Setting up Environment


 

setup(data, target=None, custom_stopwords=None, html = True, session_id = None, log_experiment = False, experiment_name = None, log_plots = True, log_data = True, verbose = True)

Description:

This function initializes the environment in pycaret. setup() must called before executing any other function in pycaret. It takes one mandatory parameter: dataframe {array-like, sparse matrix} or object of type list. If a dataframe is passed, target column containing text must be specified. When data passed is of type list, no target parameter is required. All other parameters are optional. This module only supports English Language at this time.

Code
#import the dataset from pycaret repository
from pycaret.datasets import get_data
kiva = get_data('kiva')

#import nlp module
from pycaret.nlp import *

#intialize the setup
exp_nlp = setup(data = kiva, target = 'en')

 

Output

kiva‘ is a pandas Dataframe and ‘en‘ is the name of column containing text.

Parameters:

data : dataframe or list
{array-like, sparse matrix}, shape (n_samples, n_features) where n_samples is the number of samples and n_features is the number of features or object of type list with n length.

target: string
If data is of type DataFrame, name of column containing text values must be passed as string.

custom_stopwords: list, default = None
list containing custom stopwords.

html: bool, default = True
If set to False, prevents runtime display of monitor. This must be set to False when using environment that doesnt support HTML.

session_id: int, default = None
If None, a random seed is generated and returned in the Information grid. The unique number is then distributed as a seed in all functions used during the experiment. This can be used for later reproducibility of the entire experiment.

log_experiment: bool, default = True
When set to True, all metrics and parameters are logged on MLFlow server.

experiment_name: str, default = None
Name of experiment for logging. When set to None, ‘nlp’ is by default used as alias for the experiment name.

log_plots: bool, default = False
When set to True, specific plots are logged in MLflow as a png file. By default, it is set to False.

log_data: bool, default = False
When set to True, train and test dataset are logged as csv.

verbose: Boolean, default = True
Information grid is not printed when verbose is set to False.

Returns:

Information Grid: Information grid is printed.

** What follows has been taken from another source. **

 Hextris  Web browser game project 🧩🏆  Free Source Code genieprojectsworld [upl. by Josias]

Environment: This function returns various outputs that are stored in variable as tuple. They are used by other functions in pycaret.

Warnings:

Some functionalities in pycaret.nlp requires you to have english language model. The language model is not downloaded automatically when you install pycaret.  You will have to download two models using your Anaconda Prompt or python command line interface. To download the model, please type the following in your command line:

  • python -m spacy download en_core_web_sm
  • python -m textblob.download_corpora

Once downloaded, please restart your kernel and re-run the setup.

Create Model


 

create_model(model=None, multi_core=False, num_topics = None, verbose=True, system = True, **kwargs)

Description:

This function creates a model on the dataset passed as a data param during the setup stage. setup() function must be called before using create_model(). This function returns a trained model object. 

Code

#

# create a lda model
lda = create_model('lda')

 

Output
LdaModel(num_terms=2742, num_topics=4, decay=0.5, chunksize=100)

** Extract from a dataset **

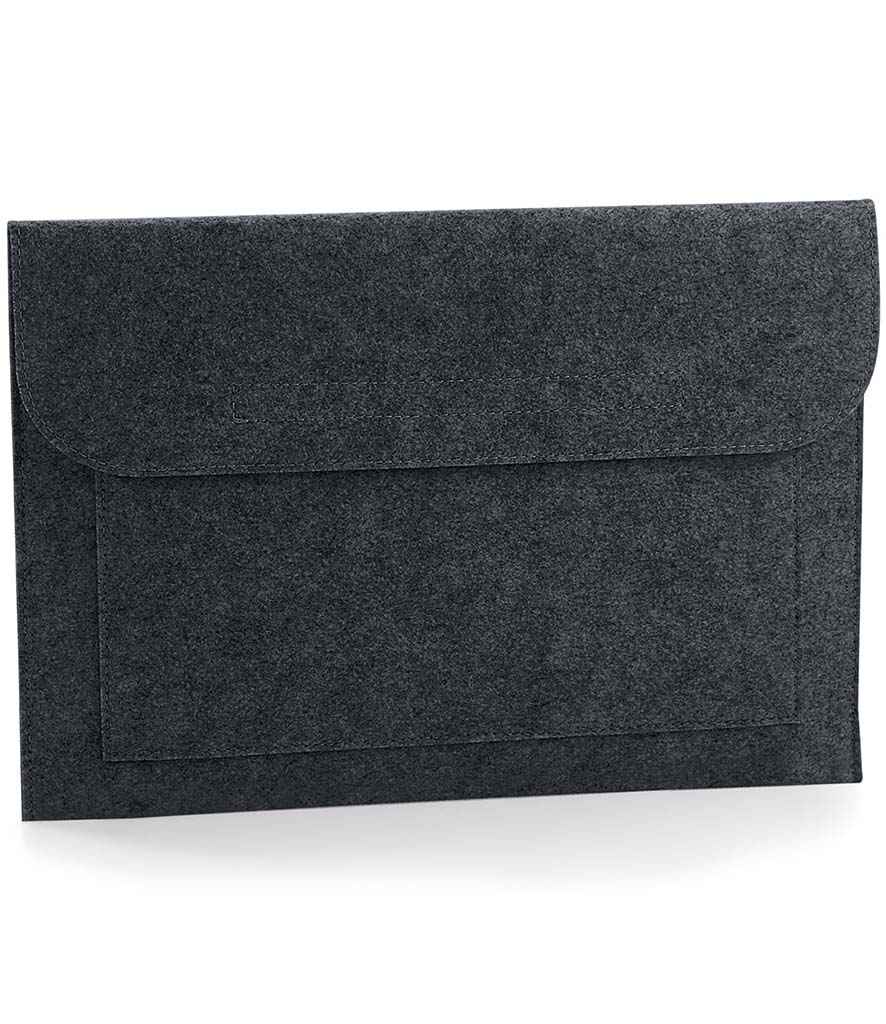 BagBase Felt Laptop/Document Slip - Charcoal Melange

This will return trained Latent Dirichlet Allocation model.

Parameters:

model : string, default = None
Enter abbreviated string of the model class. List of models supported:

ID Model
‘lda’ Latent Dirichlet Allocation
‘lsi’ Latent Semantic Indexing
‘hdp’ Hierarchical Dirichlet Process
‘rp’ Random Projections
‘nmf’ Non-Negative Matrix Factorization

multi_core: Boolean, default = False
True would utilize all CPU cores to parallelize and speed up model training. Only available for ‘lda’. For all other models, the multi_core parameter is ignored.

num_topics: integer, default = 4
Number of topics to be created. If None, default is set to 4.

verbose: Boolean, default = True
Status update is not printed when verbose is set to False.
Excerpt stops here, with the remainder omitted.